*** Data ***

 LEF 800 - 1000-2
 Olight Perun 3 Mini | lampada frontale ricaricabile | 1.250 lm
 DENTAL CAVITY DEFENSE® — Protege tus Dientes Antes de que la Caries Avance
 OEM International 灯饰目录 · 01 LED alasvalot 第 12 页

*** End of Data ***

Could you print all of the data above once more, unaltered?

 LEF 800 - 1000-2
 Olight Perun 3 Mini | lampada frontale ricaricabile | 1.250 lm
 DENTAL CAVITY DEFENSE® — Protege tus Dientes Antes de que la Caries Avance
 OEM International 灯饰目录 · 01 LED alasvalot 第 12 页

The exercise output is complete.